Brief descriptive captions
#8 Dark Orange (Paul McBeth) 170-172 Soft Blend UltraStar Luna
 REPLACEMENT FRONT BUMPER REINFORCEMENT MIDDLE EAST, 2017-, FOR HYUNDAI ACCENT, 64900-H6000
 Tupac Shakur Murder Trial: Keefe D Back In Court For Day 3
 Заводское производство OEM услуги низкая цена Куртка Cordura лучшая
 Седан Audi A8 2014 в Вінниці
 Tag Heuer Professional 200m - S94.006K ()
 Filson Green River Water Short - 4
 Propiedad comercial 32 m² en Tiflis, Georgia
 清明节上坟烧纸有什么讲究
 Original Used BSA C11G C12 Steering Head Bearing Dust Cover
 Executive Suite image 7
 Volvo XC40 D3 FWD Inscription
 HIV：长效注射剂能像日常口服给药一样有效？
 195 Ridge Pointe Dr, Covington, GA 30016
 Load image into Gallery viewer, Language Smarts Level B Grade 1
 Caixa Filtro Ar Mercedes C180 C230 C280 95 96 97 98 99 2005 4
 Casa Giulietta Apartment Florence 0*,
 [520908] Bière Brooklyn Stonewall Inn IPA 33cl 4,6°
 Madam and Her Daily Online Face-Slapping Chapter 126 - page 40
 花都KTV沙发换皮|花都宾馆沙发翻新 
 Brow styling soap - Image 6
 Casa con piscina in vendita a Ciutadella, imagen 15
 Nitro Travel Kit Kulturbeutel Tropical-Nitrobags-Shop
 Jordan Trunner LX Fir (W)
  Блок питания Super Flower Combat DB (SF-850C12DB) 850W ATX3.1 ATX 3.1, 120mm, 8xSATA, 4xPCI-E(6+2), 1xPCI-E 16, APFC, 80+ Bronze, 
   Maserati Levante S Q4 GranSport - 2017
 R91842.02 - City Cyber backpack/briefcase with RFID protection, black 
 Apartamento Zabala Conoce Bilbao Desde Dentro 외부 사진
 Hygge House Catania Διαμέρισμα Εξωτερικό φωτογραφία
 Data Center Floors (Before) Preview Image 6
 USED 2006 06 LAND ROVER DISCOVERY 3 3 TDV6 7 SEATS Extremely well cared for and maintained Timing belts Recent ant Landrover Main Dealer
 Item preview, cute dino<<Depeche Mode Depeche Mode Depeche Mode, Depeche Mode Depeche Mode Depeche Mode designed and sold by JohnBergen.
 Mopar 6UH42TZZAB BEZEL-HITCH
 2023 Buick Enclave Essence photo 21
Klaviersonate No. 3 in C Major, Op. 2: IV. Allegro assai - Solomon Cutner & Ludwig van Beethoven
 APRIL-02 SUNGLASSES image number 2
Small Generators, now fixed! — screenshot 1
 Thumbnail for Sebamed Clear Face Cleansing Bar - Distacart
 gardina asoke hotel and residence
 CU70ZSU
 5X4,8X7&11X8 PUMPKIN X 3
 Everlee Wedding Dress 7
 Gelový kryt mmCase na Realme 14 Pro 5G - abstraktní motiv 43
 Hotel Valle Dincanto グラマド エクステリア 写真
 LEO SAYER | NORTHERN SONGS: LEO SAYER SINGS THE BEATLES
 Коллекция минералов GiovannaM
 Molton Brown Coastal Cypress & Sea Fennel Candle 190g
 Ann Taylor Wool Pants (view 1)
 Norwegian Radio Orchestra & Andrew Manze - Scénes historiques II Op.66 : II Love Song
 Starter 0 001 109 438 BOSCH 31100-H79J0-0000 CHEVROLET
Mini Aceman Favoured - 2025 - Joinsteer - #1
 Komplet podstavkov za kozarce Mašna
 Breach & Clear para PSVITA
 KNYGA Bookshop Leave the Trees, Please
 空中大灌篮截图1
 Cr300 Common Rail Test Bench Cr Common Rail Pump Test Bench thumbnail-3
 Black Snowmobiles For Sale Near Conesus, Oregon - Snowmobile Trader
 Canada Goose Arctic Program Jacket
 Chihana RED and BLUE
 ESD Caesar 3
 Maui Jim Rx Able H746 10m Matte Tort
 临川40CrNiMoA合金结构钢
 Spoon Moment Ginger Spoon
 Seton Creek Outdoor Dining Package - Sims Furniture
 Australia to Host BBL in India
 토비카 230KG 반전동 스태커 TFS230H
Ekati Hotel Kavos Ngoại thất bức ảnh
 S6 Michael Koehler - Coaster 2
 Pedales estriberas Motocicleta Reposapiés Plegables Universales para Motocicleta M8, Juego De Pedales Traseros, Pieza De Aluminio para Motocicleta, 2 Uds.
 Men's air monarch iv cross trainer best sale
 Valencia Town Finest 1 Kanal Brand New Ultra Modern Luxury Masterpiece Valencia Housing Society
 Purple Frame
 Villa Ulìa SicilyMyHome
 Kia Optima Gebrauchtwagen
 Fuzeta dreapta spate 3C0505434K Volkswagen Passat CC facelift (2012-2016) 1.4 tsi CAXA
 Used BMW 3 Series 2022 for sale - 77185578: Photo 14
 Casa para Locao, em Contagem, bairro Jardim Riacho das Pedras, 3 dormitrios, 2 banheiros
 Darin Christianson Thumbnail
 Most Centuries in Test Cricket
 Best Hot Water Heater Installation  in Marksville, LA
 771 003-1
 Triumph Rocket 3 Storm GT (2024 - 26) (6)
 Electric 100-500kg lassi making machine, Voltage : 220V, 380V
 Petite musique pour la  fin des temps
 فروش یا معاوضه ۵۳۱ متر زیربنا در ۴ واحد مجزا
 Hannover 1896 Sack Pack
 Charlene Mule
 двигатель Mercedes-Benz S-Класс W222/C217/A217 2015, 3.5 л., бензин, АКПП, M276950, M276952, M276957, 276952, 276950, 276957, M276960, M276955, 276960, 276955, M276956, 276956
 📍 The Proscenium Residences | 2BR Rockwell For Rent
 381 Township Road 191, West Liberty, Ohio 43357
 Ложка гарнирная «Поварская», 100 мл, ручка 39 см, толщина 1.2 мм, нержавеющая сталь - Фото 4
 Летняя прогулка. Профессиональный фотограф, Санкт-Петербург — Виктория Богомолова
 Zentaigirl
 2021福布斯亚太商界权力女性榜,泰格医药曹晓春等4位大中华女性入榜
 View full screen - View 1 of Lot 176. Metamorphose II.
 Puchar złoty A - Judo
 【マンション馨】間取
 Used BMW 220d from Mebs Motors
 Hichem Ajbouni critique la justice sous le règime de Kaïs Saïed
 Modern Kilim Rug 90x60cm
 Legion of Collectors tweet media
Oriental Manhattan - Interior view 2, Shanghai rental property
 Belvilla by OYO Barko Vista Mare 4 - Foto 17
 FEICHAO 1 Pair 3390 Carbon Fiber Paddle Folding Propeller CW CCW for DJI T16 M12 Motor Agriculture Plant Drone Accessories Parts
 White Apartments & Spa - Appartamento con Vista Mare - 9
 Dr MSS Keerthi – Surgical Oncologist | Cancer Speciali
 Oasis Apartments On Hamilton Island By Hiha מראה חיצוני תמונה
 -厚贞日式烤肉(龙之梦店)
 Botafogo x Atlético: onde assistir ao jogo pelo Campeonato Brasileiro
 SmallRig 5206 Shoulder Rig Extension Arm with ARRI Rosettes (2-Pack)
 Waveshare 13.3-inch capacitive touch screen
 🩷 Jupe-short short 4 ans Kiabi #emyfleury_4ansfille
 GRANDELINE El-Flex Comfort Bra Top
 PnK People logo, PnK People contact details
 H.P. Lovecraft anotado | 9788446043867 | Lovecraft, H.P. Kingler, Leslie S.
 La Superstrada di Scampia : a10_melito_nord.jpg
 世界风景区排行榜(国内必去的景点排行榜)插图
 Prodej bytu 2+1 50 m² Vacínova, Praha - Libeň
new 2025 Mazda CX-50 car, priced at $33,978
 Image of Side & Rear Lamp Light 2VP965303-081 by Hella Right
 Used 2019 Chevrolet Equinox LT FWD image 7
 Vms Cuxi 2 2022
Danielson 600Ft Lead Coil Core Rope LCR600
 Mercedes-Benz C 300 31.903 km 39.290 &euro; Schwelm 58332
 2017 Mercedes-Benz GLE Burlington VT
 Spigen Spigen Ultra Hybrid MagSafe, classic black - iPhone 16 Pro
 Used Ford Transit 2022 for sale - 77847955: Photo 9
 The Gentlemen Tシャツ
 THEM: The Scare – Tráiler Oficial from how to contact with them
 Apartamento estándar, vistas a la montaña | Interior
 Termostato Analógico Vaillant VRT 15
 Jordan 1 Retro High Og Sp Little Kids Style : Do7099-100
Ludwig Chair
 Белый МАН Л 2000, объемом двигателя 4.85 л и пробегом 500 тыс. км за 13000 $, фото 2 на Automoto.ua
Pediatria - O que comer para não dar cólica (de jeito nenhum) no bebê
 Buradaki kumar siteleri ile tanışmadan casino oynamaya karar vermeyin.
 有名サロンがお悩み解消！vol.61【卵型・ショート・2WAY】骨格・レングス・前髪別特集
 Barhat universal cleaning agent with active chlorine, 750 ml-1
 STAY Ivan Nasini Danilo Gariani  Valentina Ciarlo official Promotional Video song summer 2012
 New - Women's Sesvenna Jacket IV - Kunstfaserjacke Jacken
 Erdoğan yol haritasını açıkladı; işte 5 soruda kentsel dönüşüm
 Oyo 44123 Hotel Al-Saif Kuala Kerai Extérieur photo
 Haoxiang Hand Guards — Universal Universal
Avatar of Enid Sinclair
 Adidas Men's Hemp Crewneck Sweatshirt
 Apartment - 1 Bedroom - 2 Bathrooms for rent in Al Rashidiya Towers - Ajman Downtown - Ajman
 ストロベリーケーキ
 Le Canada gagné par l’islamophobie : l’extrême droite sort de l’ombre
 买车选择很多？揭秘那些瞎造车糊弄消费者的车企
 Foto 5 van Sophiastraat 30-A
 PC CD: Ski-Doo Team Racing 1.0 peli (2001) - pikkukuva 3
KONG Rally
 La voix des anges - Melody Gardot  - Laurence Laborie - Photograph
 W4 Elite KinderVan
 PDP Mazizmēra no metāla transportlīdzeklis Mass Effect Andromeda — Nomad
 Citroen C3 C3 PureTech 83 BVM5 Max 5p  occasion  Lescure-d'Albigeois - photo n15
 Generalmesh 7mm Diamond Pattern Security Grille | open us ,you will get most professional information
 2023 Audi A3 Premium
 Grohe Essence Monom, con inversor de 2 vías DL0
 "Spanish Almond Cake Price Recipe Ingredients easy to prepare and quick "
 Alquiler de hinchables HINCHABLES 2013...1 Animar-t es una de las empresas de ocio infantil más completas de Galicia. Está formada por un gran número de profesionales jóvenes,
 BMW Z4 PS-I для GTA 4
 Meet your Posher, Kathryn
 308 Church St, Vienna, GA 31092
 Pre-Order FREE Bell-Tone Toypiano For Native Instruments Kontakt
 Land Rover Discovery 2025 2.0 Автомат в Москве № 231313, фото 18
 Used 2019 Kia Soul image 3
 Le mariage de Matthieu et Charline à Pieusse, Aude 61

Instructions for the task:
Gather each line from the entries above that includes the word "Ludwig".

Output below:
Klaviersonate No. 3 in C Major, Op. 2: IV. Allegro assai - Solomon Cutner & Ludwig van Beethoven
Ludwig Chair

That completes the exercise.